Bleibt ein Problem, und das ist auch der Grund, warum Tesloop auf der Fahrt von Los Angeles nach Indian Wells nur 276 Dollar einnimmt und warum die Fahrt das Unternehmen freilich mehr kostet als die eben erwähnten 22 Dollar für Aufladen und Verschleiß: Da sitzt noch immer ein Fahrer im Auto, der sich andauernd nach dem Befinden erkundet, immer wieder Gratis-Energieriegel anbietet und auf den kostenfreien Internetzugang verweist. Ende Februar hat Kalifornien ein Gesetz verabschiedet, demzufolge von April an selbstfahrende Autos ohne Insassen auf öffentlichen Straßen erlaubt sein werden. Was es braucht: einen Aufseher, der im Notfall per Fernsteuerung eingreifen kann.

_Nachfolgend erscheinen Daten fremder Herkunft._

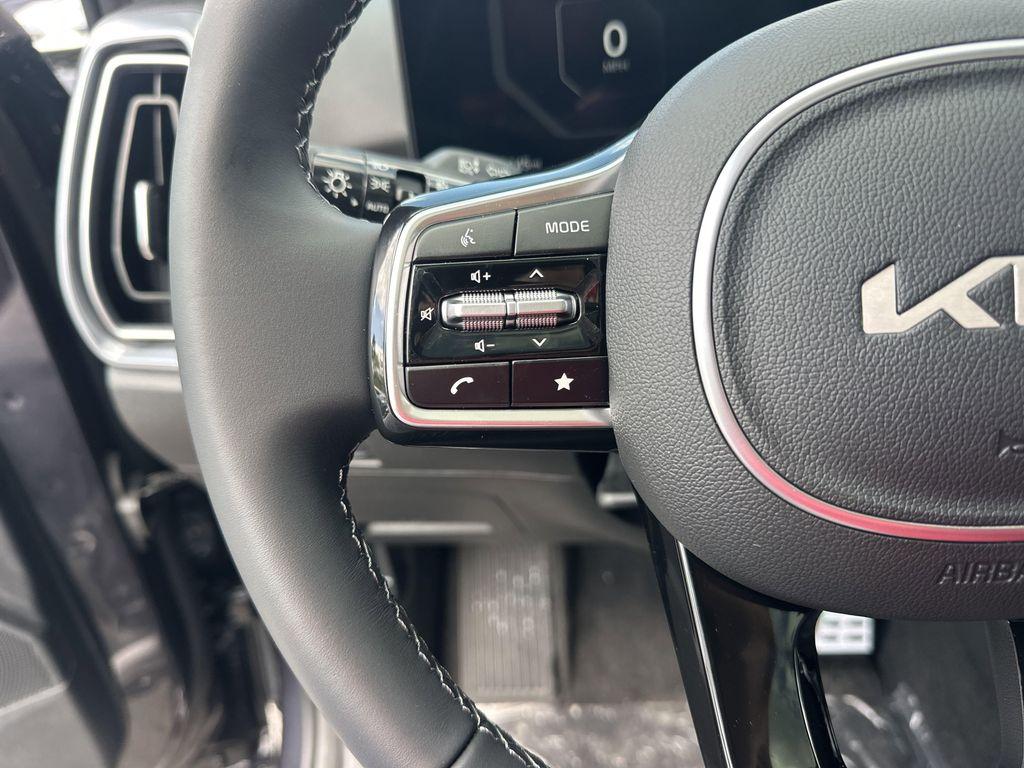 new 2025 Kia Sorento car, priced at $41,164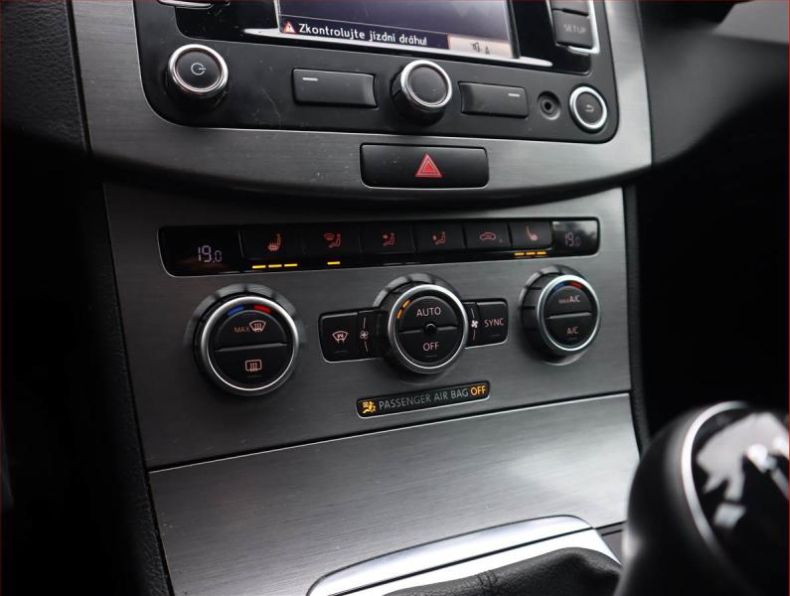 Volkswagen Passat - hlavní fotka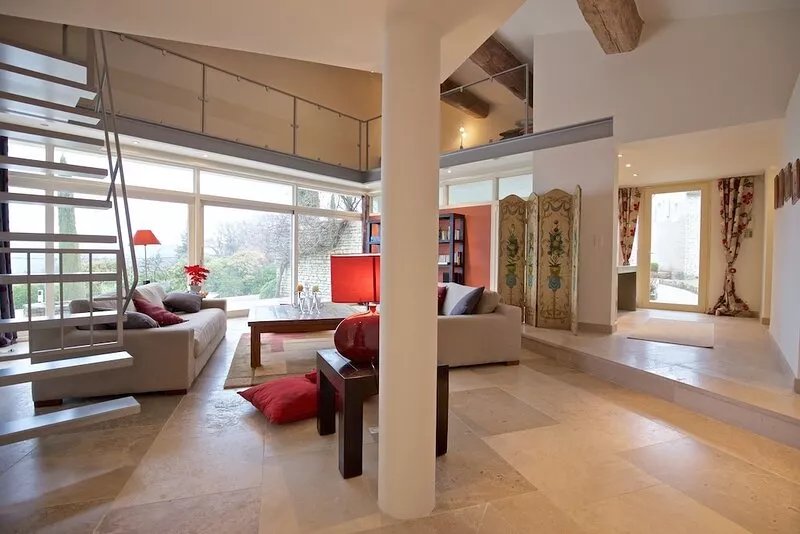 Amazing views in the heart of Luberon, pool & AC, 10 guests. Book summer 25 NOW!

Sonnad glaubt, dass der nächste Schritt ein selbstfahrendes Auto mit Passagieren sein wird, das von einem Supervisor beaufsichtigt wird. Tesloop könnte dann auch den Fahrersitz vermieten. "Schon jetzt können Menschen immer mehr Strecken in einem automatisierten Fahrzeug absolvieren", sagt Sonnad, der sich in dem Jahr seit seinem High-School-Abschluss ums Marketing und den Ausbau des Tesloop-Netzes gekümmert hat. Im Herbst soll sein Studium beginnen; es ist in den USA üblich, von seinen Eltern zum Abschluss ein Geschenk zu erhalten. Es ist ziemlich spannend, was er sich wünschen wird.